Data to examine:

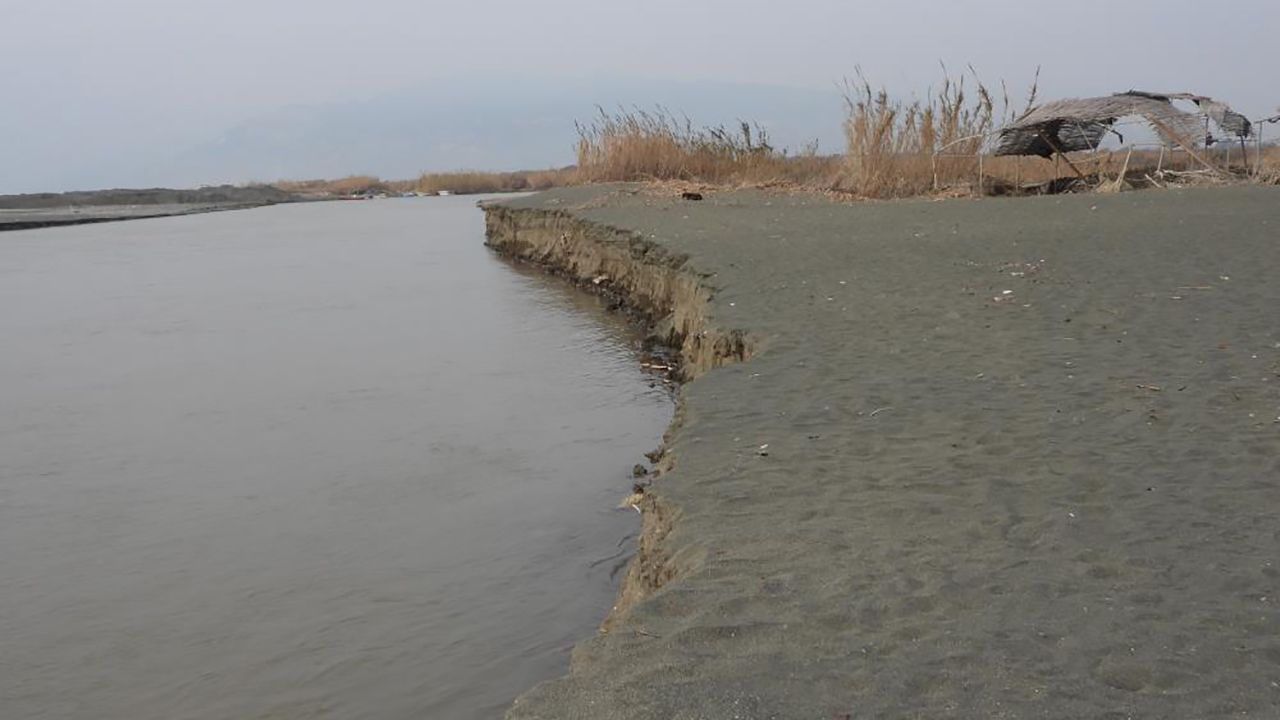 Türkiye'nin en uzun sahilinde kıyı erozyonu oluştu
==
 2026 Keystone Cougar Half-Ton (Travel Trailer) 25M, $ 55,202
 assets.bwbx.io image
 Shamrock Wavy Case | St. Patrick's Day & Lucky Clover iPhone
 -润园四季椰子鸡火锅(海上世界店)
---
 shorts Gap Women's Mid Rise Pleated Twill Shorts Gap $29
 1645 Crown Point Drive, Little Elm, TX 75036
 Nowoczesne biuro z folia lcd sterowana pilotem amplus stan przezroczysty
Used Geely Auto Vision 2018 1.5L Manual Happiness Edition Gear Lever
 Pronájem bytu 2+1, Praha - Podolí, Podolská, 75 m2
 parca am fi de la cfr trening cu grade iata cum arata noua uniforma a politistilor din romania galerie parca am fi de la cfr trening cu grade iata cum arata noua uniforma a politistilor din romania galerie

Try it: Using the data above, transcribe the lines that run from the line with "Pronájem bytu 2+1, Praha" to the line with "romania galerie parca", both ends kept, and output nothing else.

Response area:
 Pronájem bytu 2+1, Praha - Podolí, Podolská, 75 m2
 parca am fi de la cfr trening cu grade iata cum arata noua uniforma a politistilor din romania galerie parca am fi de la cfr trening cu grade iata cum arata noua uniforma a politistilor din romania galerie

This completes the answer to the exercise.